К этому времени - с 28 января - осада Парижа была уже снята. 26 февраля подписали перемирие.
В ту пору Ренуар находился уже не в Либурне, а в пятнадцати километрах от Тарба, в Вик-ан-Бигор, в ремонтной роте. Он мечтал об одном: поскорее вернуться в Париж и взять в руки кисть. Ждать пришлось недолго. В марте его демобилизовали, и он сразу же вернулся в столицу. Но если он надеялся зажить прежней жизнью - он ошибался. В Париже было неспокойно. В нем зрело восстание. 18 марта были расстреляны генералы Леконт и Тома. 19 марта правительство перебралось в Версаль. 27 марта была объявлена Коммуна.
Ренуар, который снял комнату на улице Драгон, пытался по мере сил приспособиться к тревожной парижской обстановке. Он то и дело ездил из Парижа в Лувесьенн, где теперь на Версальской улице, 18, жили его родители, и обратно. Он разыскал своего брата Эдмона, а также Сислея, вместе с которым он несколько раз писал этюды то в самом Лувесьенне, то в Марли, в лесу. Он сидел без гроша, но, "по счастью, подвернулась добрая женщина из Версаля", которая за три сотни франков заказала Ренуару два портрета - свой и дочери. "Я должен сказать, - с удовлетворением отмечал Ренуар, - что она не сделала мне никаких замечаний, ни о моей живописи, ни о рисунке. В первый раз в жизни заказчик не говорил мне: "Хорошо, если бы вы еще немного дописали лицо".
Деньги, полученные за портреты, помогли Ренуару просуществовать в эти трудные дни. А трудными они были во всех отношениях. Версальцы и федераты вели братоубийственную войну. Ренуар ни за что на свете не хотел вмешиваться в борьбу, он ненавидел насилие и негодовал против обеих враждующих сторон - он обзывал "дураками" и тех и других. Но кипение страстей плохо уживается с нейтралитетом или безразличием. Тщетны были меры предосторожности, которые Ренуар принимал, переезжая с места на место, - он каждую минуту рисковал быть задержанным "бандами одержимых". "Вот вам пример, до чего глупы эти люди. Однажды, когда я делал набросок на террасе Фельянов в Тюильри, подходит ко мне офицер федератов: "Мой вам совет, убирайтесь подальше и больше здесь не показывайтесь, мои люди убеждены, что вы пишете только для вида, а на самом деле снимаете карту местности, чтобы выдать нас версальцам". Я не заставил просить себя дважды и поспешил унести ноги, счастливый тем, что так дешево отделался".

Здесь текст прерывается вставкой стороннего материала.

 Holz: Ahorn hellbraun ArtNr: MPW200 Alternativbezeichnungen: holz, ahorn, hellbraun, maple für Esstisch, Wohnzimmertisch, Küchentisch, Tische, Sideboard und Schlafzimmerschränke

Ренуар удвоил осторожность, он старался выходить как можно меньше. На улице Бозар, где на антресолях жил Эдмон Мэтр, Ренуар написал портрет молодой женщины, которая была подругой бордосца. Портрет изящный, изысканный - далее слишком. "Красивость" могла стать одной из опасностей, подстерегающих Ренуара. Во всяком случае, глядя на этот "расфранченный" портрет - цветы, птичья клетка, модель в нарядном платье с оборками, трудно представить, что он написан во время гражданской войны. Каковы бы ни были обстоятельства, душа Ренуара всегда излучала покой.
Теперь Ренуар выходил на улицу только с наступлением сумерек, потому что события принимали все более драматический оборот. Федераты решили призвать в свои ряды всех мужчин моложе тридцати пяти лет, способных носить оружие. 26 апреля они издали указ, чтобы выявить тех, кто уклоняется от воинской повинности. А Ренуар меньше чем когда бы то ни было собирался, пусть даже по принуждению, участвовать в яростных гражданских схватках.
37
37 Письмо, опубликованное Дугласом Купером в "Берлингтон мэгэзин", сентябрь - октябрь 1959 года.